**ASSIGNMENT:** The entries below contain a line with "Seibetsu X Chapter 2 8ページ" and a line with "কারে ডাকতাম বাবা". Quote exactly those two lines and all lines between them.

*** Opening of MATERIAL SUPPLIED ***

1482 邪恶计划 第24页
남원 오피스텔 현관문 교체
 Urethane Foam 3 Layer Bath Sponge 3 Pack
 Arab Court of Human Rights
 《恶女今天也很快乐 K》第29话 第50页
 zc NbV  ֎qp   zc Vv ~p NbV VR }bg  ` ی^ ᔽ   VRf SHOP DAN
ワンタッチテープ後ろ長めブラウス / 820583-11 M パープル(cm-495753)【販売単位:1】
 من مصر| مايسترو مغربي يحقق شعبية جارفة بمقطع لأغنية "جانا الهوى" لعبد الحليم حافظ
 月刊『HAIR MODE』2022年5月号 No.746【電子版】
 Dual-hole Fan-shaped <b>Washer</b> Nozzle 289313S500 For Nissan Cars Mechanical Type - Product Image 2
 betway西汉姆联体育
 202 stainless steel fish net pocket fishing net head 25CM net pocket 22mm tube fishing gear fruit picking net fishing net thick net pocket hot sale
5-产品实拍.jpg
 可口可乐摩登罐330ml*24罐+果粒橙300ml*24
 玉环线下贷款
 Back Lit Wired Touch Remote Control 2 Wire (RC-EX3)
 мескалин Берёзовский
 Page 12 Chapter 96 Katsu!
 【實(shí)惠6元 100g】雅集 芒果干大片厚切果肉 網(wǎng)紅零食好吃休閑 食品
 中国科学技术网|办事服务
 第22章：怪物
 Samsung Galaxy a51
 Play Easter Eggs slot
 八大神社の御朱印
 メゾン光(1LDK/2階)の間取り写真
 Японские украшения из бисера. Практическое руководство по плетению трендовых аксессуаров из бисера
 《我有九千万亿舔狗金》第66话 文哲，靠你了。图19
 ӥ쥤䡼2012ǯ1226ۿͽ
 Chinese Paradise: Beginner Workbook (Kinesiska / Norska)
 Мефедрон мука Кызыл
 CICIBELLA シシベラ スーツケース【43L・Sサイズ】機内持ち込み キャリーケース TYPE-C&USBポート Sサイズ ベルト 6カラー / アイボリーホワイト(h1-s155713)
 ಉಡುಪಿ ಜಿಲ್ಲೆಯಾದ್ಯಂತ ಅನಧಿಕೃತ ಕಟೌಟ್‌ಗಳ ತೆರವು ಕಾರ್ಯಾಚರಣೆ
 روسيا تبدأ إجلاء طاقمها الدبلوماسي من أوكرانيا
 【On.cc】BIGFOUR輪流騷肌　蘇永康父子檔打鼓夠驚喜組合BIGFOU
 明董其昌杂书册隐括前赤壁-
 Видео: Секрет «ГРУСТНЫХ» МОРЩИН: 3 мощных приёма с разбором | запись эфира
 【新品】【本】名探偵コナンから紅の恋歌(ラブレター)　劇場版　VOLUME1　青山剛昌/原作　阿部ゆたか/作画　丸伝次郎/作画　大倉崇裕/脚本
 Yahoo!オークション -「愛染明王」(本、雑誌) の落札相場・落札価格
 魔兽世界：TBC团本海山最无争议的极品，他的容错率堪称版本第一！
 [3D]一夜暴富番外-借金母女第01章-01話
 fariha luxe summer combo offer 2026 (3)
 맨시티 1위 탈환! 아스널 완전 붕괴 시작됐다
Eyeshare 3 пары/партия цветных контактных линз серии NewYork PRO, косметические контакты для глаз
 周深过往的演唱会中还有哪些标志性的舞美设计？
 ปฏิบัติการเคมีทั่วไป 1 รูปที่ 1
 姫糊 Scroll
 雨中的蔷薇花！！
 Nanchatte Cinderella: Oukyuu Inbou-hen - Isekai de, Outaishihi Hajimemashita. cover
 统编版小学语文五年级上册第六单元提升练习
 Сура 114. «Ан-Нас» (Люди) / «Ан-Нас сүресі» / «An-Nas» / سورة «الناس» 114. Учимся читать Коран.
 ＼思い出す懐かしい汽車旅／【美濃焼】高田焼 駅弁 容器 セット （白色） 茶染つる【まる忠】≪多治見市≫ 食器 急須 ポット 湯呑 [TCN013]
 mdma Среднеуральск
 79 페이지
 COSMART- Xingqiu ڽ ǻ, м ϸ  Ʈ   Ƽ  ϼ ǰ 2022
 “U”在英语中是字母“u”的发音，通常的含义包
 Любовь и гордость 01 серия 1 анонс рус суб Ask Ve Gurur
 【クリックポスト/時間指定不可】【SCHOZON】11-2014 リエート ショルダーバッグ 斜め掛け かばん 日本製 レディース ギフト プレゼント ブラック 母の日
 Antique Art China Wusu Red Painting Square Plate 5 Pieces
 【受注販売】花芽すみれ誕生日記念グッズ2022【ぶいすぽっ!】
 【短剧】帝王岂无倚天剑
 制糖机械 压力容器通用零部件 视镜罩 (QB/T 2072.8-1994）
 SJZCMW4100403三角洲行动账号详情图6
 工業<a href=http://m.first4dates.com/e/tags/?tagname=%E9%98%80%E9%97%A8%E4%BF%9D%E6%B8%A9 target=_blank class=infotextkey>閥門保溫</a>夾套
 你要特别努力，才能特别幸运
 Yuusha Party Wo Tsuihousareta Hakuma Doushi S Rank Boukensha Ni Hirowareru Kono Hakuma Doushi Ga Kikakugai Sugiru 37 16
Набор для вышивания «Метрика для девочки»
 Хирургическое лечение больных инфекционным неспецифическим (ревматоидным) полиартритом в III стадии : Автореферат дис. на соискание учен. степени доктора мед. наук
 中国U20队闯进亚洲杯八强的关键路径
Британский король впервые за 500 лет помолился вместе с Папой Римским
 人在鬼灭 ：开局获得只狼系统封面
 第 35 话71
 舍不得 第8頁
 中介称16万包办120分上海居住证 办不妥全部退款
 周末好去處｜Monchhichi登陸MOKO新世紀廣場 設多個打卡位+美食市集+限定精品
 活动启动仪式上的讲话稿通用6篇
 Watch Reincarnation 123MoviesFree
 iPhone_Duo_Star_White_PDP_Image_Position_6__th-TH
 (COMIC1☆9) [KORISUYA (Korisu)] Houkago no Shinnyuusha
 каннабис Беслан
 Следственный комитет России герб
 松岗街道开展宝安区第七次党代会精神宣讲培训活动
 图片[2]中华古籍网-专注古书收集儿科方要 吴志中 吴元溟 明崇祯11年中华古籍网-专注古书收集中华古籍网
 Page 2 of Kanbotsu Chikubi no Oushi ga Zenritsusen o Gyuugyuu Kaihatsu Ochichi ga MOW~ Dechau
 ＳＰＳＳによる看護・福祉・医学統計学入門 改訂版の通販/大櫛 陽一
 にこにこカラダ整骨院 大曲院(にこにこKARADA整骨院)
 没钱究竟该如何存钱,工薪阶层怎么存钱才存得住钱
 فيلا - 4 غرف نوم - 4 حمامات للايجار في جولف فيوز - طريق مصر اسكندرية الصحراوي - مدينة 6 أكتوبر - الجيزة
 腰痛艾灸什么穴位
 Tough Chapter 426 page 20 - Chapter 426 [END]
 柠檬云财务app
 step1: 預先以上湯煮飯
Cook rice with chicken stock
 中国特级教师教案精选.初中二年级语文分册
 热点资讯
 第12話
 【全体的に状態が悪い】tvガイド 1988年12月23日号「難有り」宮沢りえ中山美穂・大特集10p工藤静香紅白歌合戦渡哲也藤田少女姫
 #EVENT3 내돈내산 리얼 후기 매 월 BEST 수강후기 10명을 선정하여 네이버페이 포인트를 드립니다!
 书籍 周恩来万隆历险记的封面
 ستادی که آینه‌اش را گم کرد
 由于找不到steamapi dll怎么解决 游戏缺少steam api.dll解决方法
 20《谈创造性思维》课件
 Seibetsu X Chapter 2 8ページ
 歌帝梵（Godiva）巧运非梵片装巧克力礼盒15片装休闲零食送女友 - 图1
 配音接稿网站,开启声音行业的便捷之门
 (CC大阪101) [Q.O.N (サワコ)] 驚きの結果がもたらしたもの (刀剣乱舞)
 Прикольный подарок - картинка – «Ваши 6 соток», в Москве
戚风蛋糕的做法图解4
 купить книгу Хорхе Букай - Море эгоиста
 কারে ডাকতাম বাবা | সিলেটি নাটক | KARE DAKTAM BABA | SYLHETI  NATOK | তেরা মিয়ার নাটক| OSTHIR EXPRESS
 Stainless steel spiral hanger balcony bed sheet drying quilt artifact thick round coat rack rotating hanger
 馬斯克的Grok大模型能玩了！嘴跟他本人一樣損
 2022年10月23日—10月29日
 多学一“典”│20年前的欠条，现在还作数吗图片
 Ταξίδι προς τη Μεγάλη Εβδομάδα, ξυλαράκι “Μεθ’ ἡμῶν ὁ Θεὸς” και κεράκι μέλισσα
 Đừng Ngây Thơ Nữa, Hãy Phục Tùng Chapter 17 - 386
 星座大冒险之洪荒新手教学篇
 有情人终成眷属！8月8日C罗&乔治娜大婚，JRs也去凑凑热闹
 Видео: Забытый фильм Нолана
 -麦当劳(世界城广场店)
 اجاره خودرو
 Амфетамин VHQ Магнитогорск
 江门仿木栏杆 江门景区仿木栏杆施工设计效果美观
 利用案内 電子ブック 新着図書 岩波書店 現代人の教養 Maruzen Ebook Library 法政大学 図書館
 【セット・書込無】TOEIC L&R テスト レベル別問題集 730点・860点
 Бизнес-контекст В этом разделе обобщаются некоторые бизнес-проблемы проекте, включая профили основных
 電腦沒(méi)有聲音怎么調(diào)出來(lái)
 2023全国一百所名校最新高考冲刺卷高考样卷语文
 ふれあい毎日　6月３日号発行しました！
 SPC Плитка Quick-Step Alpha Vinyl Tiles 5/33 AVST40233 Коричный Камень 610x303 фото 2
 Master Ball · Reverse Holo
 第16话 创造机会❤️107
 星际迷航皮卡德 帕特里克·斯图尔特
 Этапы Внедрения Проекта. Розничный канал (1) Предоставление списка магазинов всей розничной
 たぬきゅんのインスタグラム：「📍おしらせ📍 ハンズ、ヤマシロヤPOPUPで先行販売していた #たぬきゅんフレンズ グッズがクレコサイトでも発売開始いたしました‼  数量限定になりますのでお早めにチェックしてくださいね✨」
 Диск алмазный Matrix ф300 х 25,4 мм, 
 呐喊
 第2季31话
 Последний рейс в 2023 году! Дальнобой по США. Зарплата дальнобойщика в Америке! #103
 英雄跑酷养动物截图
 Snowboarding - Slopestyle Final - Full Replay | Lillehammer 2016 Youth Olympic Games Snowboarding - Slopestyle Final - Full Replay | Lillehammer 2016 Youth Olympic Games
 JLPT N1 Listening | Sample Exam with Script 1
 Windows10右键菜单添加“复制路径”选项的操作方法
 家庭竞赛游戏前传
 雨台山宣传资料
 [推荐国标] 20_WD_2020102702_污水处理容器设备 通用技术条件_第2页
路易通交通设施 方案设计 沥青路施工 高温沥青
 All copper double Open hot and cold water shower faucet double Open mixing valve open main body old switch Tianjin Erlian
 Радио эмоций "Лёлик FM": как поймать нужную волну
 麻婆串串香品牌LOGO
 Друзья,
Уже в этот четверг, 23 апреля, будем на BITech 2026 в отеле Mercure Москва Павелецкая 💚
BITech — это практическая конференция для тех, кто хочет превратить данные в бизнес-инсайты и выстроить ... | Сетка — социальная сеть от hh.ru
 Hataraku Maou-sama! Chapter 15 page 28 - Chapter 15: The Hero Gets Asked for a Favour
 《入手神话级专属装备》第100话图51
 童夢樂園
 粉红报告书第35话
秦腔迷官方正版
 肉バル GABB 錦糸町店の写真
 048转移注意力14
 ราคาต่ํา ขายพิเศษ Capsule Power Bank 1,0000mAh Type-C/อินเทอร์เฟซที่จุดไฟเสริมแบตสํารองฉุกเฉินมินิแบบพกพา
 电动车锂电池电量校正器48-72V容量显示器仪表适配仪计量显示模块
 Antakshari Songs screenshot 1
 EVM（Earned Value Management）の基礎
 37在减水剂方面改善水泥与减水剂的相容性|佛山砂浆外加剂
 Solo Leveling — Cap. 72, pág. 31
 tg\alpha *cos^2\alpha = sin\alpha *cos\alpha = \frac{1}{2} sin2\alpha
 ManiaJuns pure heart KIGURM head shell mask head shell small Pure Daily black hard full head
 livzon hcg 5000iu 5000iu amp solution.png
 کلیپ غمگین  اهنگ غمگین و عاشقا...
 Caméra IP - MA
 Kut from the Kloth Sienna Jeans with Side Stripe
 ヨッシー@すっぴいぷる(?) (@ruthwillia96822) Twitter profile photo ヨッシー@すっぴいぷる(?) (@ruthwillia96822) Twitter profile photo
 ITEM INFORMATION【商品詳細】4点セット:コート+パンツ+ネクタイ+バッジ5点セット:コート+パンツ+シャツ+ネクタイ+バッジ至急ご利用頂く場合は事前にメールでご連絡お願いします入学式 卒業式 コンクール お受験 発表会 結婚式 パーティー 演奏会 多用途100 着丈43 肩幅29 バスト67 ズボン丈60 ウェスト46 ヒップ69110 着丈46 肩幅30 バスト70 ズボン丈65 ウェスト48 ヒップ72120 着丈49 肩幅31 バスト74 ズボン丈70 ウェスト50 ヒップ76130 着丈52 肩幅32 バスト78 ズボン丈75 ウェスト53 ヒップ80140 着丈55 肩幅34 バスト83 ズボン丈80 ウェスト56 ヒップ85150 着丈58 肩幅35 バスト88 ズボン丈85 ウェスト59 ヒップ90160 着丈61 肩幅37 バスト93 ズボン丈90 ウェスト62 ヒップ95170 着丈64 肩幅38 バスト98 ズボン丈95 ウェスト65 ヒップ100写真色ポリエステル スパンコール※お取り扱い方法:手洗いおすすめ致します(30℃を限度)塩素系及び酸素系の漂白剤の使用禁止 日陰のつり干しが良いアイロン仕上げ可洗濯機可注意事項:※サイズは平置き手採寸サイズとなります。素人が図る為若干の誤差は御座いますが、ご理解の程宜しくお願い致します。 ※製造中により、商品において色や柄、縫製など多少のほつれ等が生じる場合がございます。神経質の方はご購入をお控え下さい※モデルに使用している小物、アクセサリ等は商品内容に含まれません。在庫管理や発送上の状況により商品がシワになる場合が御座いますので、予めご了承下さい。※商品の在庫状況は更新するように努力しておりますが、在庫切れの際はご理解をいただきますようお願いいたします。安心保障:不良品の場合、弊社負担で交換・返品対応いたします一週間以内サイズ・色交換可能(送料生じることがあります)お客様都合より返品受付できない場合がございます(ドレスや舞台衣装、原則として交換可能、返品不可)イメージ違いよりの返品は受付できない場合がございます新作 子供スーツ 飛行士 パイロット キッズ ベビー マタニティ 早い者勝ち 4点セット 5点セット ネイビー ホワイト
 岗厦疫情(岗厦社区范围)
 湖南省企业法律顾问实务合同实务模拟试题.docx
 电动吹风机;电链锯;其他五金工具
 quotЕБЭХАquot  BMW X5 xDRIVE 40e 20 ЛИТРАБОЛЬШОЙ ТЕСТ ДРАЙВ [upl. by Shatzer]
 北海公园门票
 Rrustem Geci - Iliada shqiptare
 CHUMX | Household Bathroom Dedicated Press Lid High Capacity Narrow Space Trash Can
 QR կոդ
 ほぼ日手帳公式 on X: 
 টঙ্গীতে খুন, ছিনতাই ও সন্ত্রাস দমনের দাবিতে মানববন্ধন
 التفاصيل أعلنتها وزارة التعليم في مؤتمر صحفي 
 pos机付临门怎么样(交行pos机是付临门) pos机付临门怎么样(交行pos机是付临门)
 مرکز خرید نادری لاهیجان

*** Close of MATERIAL SUPPLIED ***

**THE COMPLETED TASK:**
 Seibetsu X Chapter 2 8ページ
 歌帝梵（Godiva）巧运非梵片装巧克力礼盒15片装休闲零食送女友 - 图1
 配音接稿网站,开启声音行业的便捷之门
 (CC大阪101) [Q.O.N (サワコ)] 驚きの結果がもたらしたもの (刀剣乱舞)
 Прикольный подарок - картинка – «Ваши 6 соток», в Москве
戚风蛋糕的做法图解4
 купить книгу Хорхе Букай - Море эгоиста
 কারে ডাকতাম বাবা | সিলেটি নাটক | KARE DAKTAM BABA | SYLHETI  NATOK | তেরা মিয়ার নাটক| OSTHIR EXPRESS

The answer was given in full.